The task: Reproduce exactly, with no other output, every line of the data below from the line containing "Table Setting Ideas 2019 Furniture Designs" to the end, inclusive.

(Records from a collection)
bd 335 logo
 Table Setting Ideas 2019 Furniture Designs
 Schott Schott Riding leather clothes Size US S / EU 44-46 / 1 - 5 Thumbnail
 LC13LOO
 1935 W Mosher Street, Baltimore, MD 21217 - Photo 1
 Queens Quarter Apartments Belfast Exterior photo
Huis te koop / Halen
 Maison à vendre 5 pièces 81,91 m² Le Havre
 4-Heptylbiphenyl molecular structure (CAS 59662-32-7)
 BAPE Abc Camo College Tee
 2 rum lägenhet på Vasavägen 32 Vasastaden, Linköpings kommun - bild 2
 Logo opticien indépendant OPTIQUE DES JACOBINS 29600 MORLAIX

Exercise response:
 Table Setting Ideas 2019 Furniture Designs
 Schott Schott Riding leather clothes Size US S / EU 44-46 / 1 - 5 Thumbnail
 LC13LOO
 1935 W Mosher Street, Baltimore, MD 21217 - Photo 1
 Queens Quarter Apartments Belfast Exterior photo
Huis te koop / Halen
 Maison à vendre 5 pièces 81,91 m² Le Havre
 4-Heptylbiphenyl molecular structure (CAS 59662-32-7)
 BAPE Abc Camo College Tee
 2 rum lägenhet på Vasavägen 32 Vasastaden, Linköpings kommun - bild 2
 Logo opticien indépendant OPTIQUE DES JACOBINS 29600 MORLAIX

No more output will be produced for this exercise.